Impact on day-to-day functioning
- The right of citizens to protest and gather peacefully without arms is a fundamental aspect of India’s democracy.
- While it is also the right of the government to protect civilians from violent protests, certain essential principles need to be kept in mind.
- It must be questioned how much of it is in democratic character and what good one is serving the country, if the protests keeps the work days from going smoothly and disrupts everyday life.
- Sometimes, protests are also a public nuisance to those who do not share the same opinion or just want to go ahead with their everyday routine.
- This situation needs a nuanced response.
Why protest is so important for democracy?
- Contributing to all spheres of life: Protests play an important part in the civil, political, economic, social and cultural life of all societies.
- Positive social change: Historically, protests have often inspired positive social change and the advancement of human rights, and they continue to help define and protect civic space in all parts of the world.
- Advancement of human rights: Protests encourage the development of an engaged and informed citizenry.
- Strengthening democracy: They strengthen representative democracy by enabling direct participation in public affairs.
- Making authorities accountable: They enable individuals and groups to express dissent and grievances, to share views and opinions, to expose flaws in governance and to publicly demand that the authorities and other powerful entities rectify problems and are accountable for their actions.
- Essential for marginalised section: This is especially important for those whose interests are otherwise poorly represented or marginalised.
Powerful protests that shook India
- Nirbhaya Movement- 2012: After, 2012 Delhi Gang Rape thousands of people came out on streets to protest in several parts of the country. Finally, new laws were formed. The government also announced the Nirbhaya Fund for the safety of the girls.
- Chipko Movement – 1973: The Chipko Movement was based on Gandhian principles of non-violence. People, especially women, protested against deforestation by hugging trees. Thousands of people across India came out in support of the green movement.
- Save Silent Valley Movement – 1973: A social movement aimed at the protection of Silent Valley, an evergreen tropical forest in the Palakkad district of Kerala, started in 1973 brought many activists and people together. The controversy surrounding the valley still exists and people are still waiting for the final result.
- Narmada Bachao Andolan – 1985: This Andolan changed the way people looked at the development projects. This protest was to express the views against a large number of dams being constructed near the Narmada river. It brought a large number of Adivasis, farmers, environmentalists, and human rights activists together. The court ordered an immediate stoppage of work at the dam.
- Jan Lokpal Bill, 2011: When anti-corruption activist Anna Hazare began a hunger strike at Jantar Mantar, the whole nation came together and stood by him.

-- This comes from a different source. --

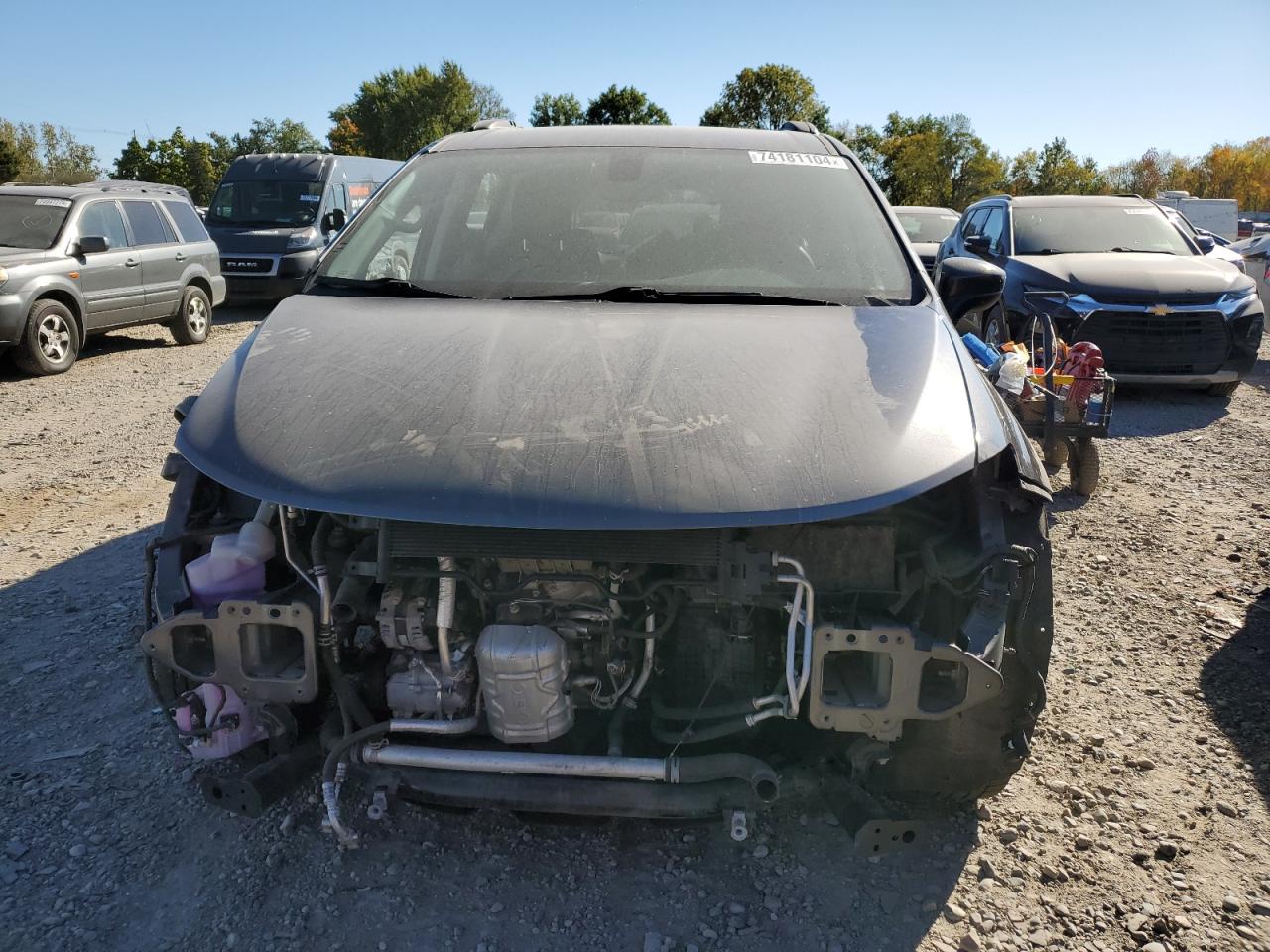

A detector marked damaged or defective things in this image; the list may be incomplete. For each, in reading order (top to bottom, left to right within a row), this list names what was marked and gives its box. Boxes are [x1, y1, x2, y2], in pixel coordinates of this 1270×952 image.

This initiative was a one-of-its-kind event in decades.
- The Assam Protests, 1979-1985: This was a movement against undocumented immigrants in Assam. The movement was led by All Assam Students Union and the All Assam Gana Sangram Parishad. They were fighting for the right of indigenous people of the state to protect their rights, their homeland against the illegal migrants. The Assam accord was signed and modified many times.
The role of technology
- Digital technologies offer new opportunities and challenges to protests and they are used both as a crucial medium for enabling protests to take place and a platform for protest.
- Technological advancements have also significantly enhanced the ability of governments to infringe and potentially violate human rights in protests.
In a democracy, the fundamental right of each citizen is ‘sacrosanct’. However, the collective cannot undermine the same. During protest, citizens should always be cognisant that in the name of protest, “the life of a civilised society cannot be allowed to be paralysed”.